When we pass by a lake, river, or ocean, we all stop to contemplate it. Although these may not be as large as the tributaries of other countries. In Holguin we have two that are renowned and have a long history. Although their channels are not as large as those of the Rio de la Plata or the Amazon. It’s worth a little history.
Garcia Holguin, the first colonizer to settle in the area in the early decades of the 16th century. Located the center of his ranch between the rivers named by the Spanish conquistadors Ferdinand and Isabella, which the Creoles later named Jigüe and Marañon. The town of Holguin was founded on the same site between 1719 and 1720, and in 1752, it obtained the status of city and center of a vast jurisdiction.
The city has always been closely linked to its rivers. In 1756, the Bishop of Cuba, Pedro Agustin Morell de Santa Cruz, when visiting the town, said that it was located between the Jigüe and Marañon rivers, with crystal-clear, healthy waters. Until the beginning of the 20th century, Holguin residents cooled off from the heat in the cool waters of the then-deep pools of its rivers.

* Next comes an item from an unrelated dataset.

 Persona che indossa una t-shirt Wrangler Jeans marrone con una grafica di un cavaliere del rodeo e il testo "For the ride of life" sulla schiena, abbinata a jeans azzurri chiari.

The Jigüe River rises in the southwestern foothills of Loma de la Cruz, flows through the Salida de San Andres neighborhood. Enters the city center, and joins its brother river, Marañon, in the Pueblo Nuevo neighborhood.
It takes its name from a mythological creature called Jigüe, who, according to popular tradition, inhabited its waters. This goblin is known in the West of the Antillean nation as Güije. Both words are of Arawak origin, indicating the indigenous origin of this mythological entity. Originally, it must have been one of the spirits with which the Taino shamanic worldview populated their world. With the indigenous people disappearing when their culture was absorbed by the emerging criollismo, the Jigüe was transculturalized as black.
The Jigüe is depicted as a dwarf black man with a large penis who lived naked in the river pools. In colonial times, the Jigüe, lance in hand, frightened more than one innocent Maiden. Who went with her bundle of clothes to wash in the riverbanks. Men pursued him, but never managed to catch him. Only the prevailing pollution managed to wipe out the Jigüe.
The Marañon River rises on the southeastern slopes of Loma de la Cruz, crosses the neighborhoods of Alcides Pino, Vista Alegre, the City Center, and Peralta, to Pueblo Nuevo, where it joins its brother river, the Jigüe. Its name was given to it because of the cashew trees that were possibly numerous along its banks.
In the 18th and 19th centuries, its banks constituted the most fertile part of the Holguin Valley, and sugar mills and farms were established there. Its lands provided much of the livelihood of the small Holguin population. According to historical data taken from the work of Herminio Leyva, a dam was built across its course, providing water for Holguin’s first aqueduct.
Today, the river—or rather, especially in dry weather, the stream—is simply a sewer, used by the inhabitants of its banks as a wastewater drain. However, popular tradition still vividly preserves the time when the river was fully alive, back in the 1930s, with deep natural pools, crystal-clear water, and unpolluted water, where young people and others not so young had convenient places to cool off.
It is also said that some Chinese people grew vegetables by the river. Rivers are symbols of our city. They have always accompanied it. Their death is the death of an important part of our tradition, of our environment, which no Holguin resident should allow.